# Map Scrambling

This is an experiment to see how time and location data can be scrambled while still allowing querying based on proximity.


## Sample Data

First, lets source some open data from the City of Cape Town in order to generate sample location data sets

In [1]:
from urllib.parse import urlencode, quote_plus
import requests
import csv
import math
import os
import hashlib
import random
import pprint
import zipfile
import pygeoif.geometry
from fastkml import kml

cache_dir = os.path.join(os.getcwd(), '_cache')
if not os.path.exists(cache_dir):
    os.mkdir(cache_dir)

def make_cache_name(base_name, input_params, suffix):
    input_str = pprint.pformat(sorted([(a, getattr(input_params, a)) for a in dir(input_params) if not a.startswith('_')]))
    filename = '%s-%s.%s' % (base_name, hashlib.sha1(input_str.encode('utf-8')).hexdigest(), suffix)
    return os.path.join(cache_dir, filename)

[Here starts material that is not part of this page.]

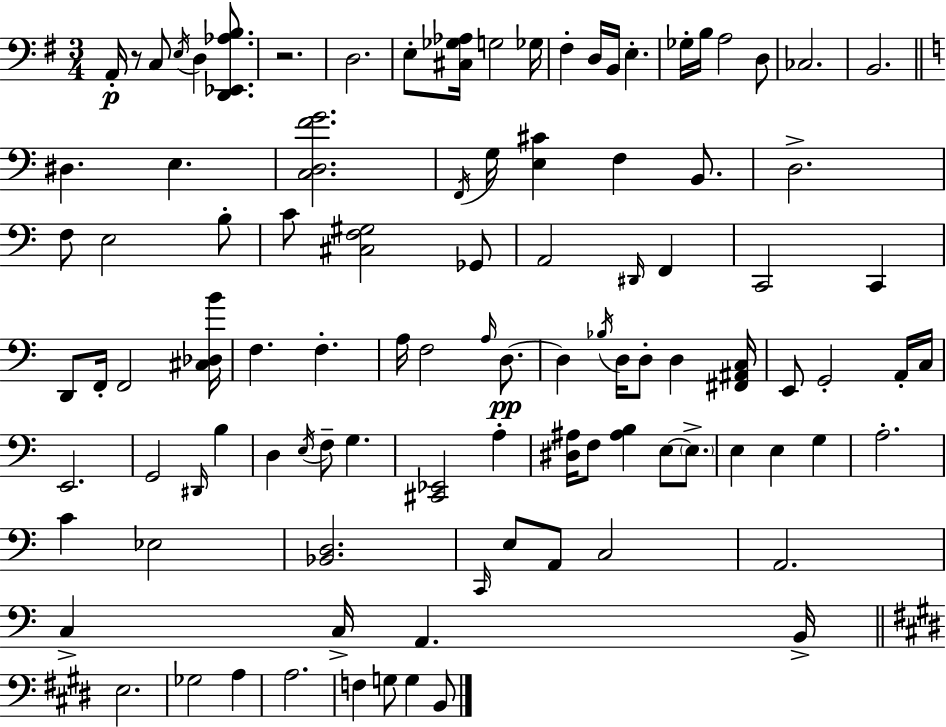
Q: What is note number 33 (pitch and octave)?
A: F2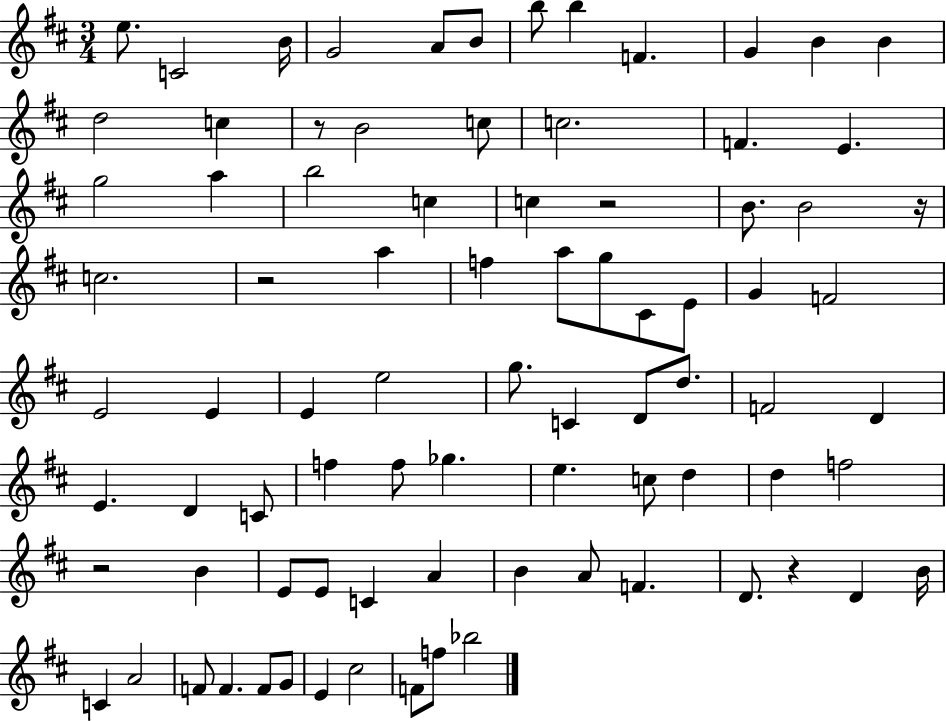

# TODO: you need to get the City of Cape Town consent to download these files, as described on the home page URLs
sample_data_sets = {
    'taxi_routes': {'description': 'The file stores the spatial location of features (point, line, polygon) of taxi routes.',
                    'license_url': 'https://web1.capetown.gov.za/web1/OpenDataPortal/Document/GetDocument/1',
                    'home_page': 'https://web1.capetown.gov.za/web1/OpenDataPortal/DatasetDetail?DatasetName=Taxi%20routes',
                    'url': 'http://cityapps.capetown.gov.za/sites/opendatacatalog/Documents/Taxi%20routes/Taxi_Routes.kmz',
                    'skip': False,
                   },
    'fire_stations': {'description': 'Indicates the location of fire stations.',
                    'license_url': 'https://web1.capetown.gov.za/web1/OpenDataPortal/Document/GetDocument/1',
                    'home_page': 'https://web1.capetown.gov.za/web1/OpenDataPortal/DatasetDetail?DatasetName=Fire%20stations',
                    'url': 'http://cityapps.capetown.gov.za/sites/opendatacatalog/Documents/Fire%20stations/Fire%20stations%202016.kmz',
                     }
}

points = set()
routes = []
route_points = set()

# read in all the data
for data_set_name, data_set_attrs in sample_data_sets.items():
    if data_set_attrs.get('skip', False):
        continue
    url = data_set_attrs['url']
    document_name = url[url.rfind('/')+1:]
    document_format = document_name[document_name.rfind('.')+1:]
    actual_url = 'https://www.capetown.gov.za/_layouts/OpenDataPortalHandler/DownloadHandler.ashx?DocumentName=%s&DatasetDocument=%s' % (document_name, quote_plus(url))
    url_hash = hashlib.sha256(actual_url.encode('UTF-8')).hexdigest()
    cache_filename = os.path.join(cache_dir, '%s-%s' % (url_hash, document_name))
    if os.path.exists(cache_filename):
        with open(cache_filename, 'rb') as f:
            data = f.read()
    else:
        data = requests.get(actual_url).content
        with open(cache_filename, 'wb') as f:
            f.write(data)
    if document_format == 'kmz':
        with zipfile.ZipFile(cache_filename) as kmz_zip:
            with kmz_zip.open('doc.kml') as kml_file:
                data = kml_file.read()
        document_format = 'kml'
    print("Name: %s; format: %s; length: %s" % (data_set_name, document_format, len(data)))
    k = kml.KML()
    k.from_string(data)
    count_points, count_paths, count_path_points = 0, 0, 0
    for document in k.features():
        for folder in document.features():
            for placemark in folder.features():
                geometry = placemark.geometry
                if isinstance(geometry, pygeoif.geometry.Point):
                    points.add((geometry.x, geometry.y))
                    count_points += 1
                elif isinstance(geometry, pygeoif.geometry.MultiLineString):
                    # the taxi routes data has a single linestring per MultiLineString
                    for i, linestring in enumerate(geometry.geoms):
                        line_points = [(g.x, g.y) for g in linestring.geoms]
                        routes.append(line_points)
                        route_points.update(line_points)
                        # TEMPORARY LIMITS
                        if len(routes) > 300:
                            break
                        count_paths += 1
                        count_path_points += len(linestring.geoms)
                else:
                    print("Unexpected type of geometry: %r" % geometry)
    print("  %d points, %d paths with %d total points" % (count_points, count_paths, count_path_points))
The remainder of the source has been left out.